Hier ist es aber auch etwas anders, seine Aufgabe der Sponsorenbindung fällt in die Gespräche mit hinein: Er versucht jeden Gesprächspartner so zu behandeln, als wäre er der Erste, mit dem er über das Spiel und den Rest der Saison philosophiert. Ich frage ihn, ob er mit den zahlungskräftigen VIPs anders umgehen muss, als mit dem gewöhnlichen Fan. ?Nein, das mache ich nicht, ich bleibe immer ich selbst.? Und doch zeugt gerade sein Spielerinterview mit Sebastian Kehl, der um 18:30 Uhr ankommt, von einem gewissen Respekt den Gästen gegenüber. Er, der von allen geduzt wird und sich immer auf eine Ebene mit den Fans begibt, siezt die Gäste und geht so zu einer gewissen Förmlichkeit über.

Als ihn kurz vor dem Verlassen der Stammtischebene ein Gast noch auf Englisch anspricht und Nobby eine Flasche eines guten Tropfens schenkt, bedankt er sich höflich und plauscht in einem passablen Englisch. Man muss wohl auf alles vorbereitet sein, wenn man täglich mit vielen Leuten in Kontakt kommt.

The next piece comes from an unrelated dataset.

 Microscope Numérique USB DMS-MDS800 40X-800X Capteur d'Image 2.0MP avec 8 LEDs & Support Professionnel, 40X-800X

18:50 Uhr: Golfareal unter der Süd-Ost Ecke

Das Golfareal ist eine Art Rückzugspunkt für Nobby nach dem Spiel. Hier sieht er seine Frau wieder, hier ist auch der Trubel des Spiels weit entfernt. Dieses Mal läuft es doch etwas anders als erwartet. Arnd Zeigler erwartet Nobby bereits und hat ihm eine Überraschung mitgebracht, die er so gar nicht erwartet hatte. In seiner aktiven Zeit, kurz nach dem Pokaltriumph in Berlin, hatte er einen Gastauftritt in der etwas plumpen Serie ?Die Vier von der Tankstelle?. In der Folge fährt Nobby an der Tankstelle vor, was einen der vier Tankwarte vor Überraschung völlig erstarren lässt. Erst als Nobby einen seiner Treffer wiederholt, erwacht der Schauspieler aus seiner Starre. Das ganze wirkt grotesk und mies gespielt, auch Nobby wirkt viel schüchterner, als man es von ihm gewohnt ist. Für einen Moment verschlägt es dem sonst so wortgewandten Stadionsprecher die Sprache, als Zeigler ihm lachend Fotos von der Folge unter die Nase hält und nebenbei für seine sonntägliche Sendung filmen lässt.

Nobby nimmt es dann doch mit Humor und duelliert sich mit dem Werderaner und WDR-Mitarbeiter an der Torwand, wenigstens einen Erfolg will dieser nach der Niederlage seiner Bremer noch mit nach Hause nehmen. Nobby legt vor und setzt einen seiner drei Schüsse ins untere Loch. Zeigler macht es ungleich besser und trifft gleich drei Mal. ?Du hast doch geübt?, frotzelt Nobby seinem Freund Arnd zu. Während dieser schießt, versucht der Gastgeber mit mäßigem Erfolg Beweismittel seines TV-Auftrittes zu vernichten und die Fotos in seinem Mund verschwinden zu lassen. Nachdem in die oberen Löcher keiner der Kontrahenten einen Treffer setzen konnte, muss Nobby dem Gast den Sieg anerkennen. Eine verschmerzliche Niederlage nach einem gewonnenen Spiel. Zeigler verabschiedet sich aus dem Stadion, wie immer fair dem BVB gegenüber und ohne Groll: ?Wer verdient gewinnt, dem gönne ich den Sieg auch.? Es gibt leider nicht viele Gegner, die so ehrlich und freundlich bleiben.

Es ist mittlerweile 20 Uhr. Nobbys Frau Annette muss noch arbeiten, er will dagegen nur noch nach Hause. ?Ich lege mich jetzt auf Sofa und gucke fern. Und wenn es Deutschland sucht den Superstar ist, hauptsache aufs Sofa.? Nobby ist erschöpft, er hat sich seinen Feierabend verdient. Zu Hause ist er kein Stadionsprecher, kein Eventmanager und kein Kommentator, er ist einfach nur Nobby. Natürlich und bodenständig, wie ihn die Fans auch kennen. Er hätte manchmal mehr Wertschätzung verdient.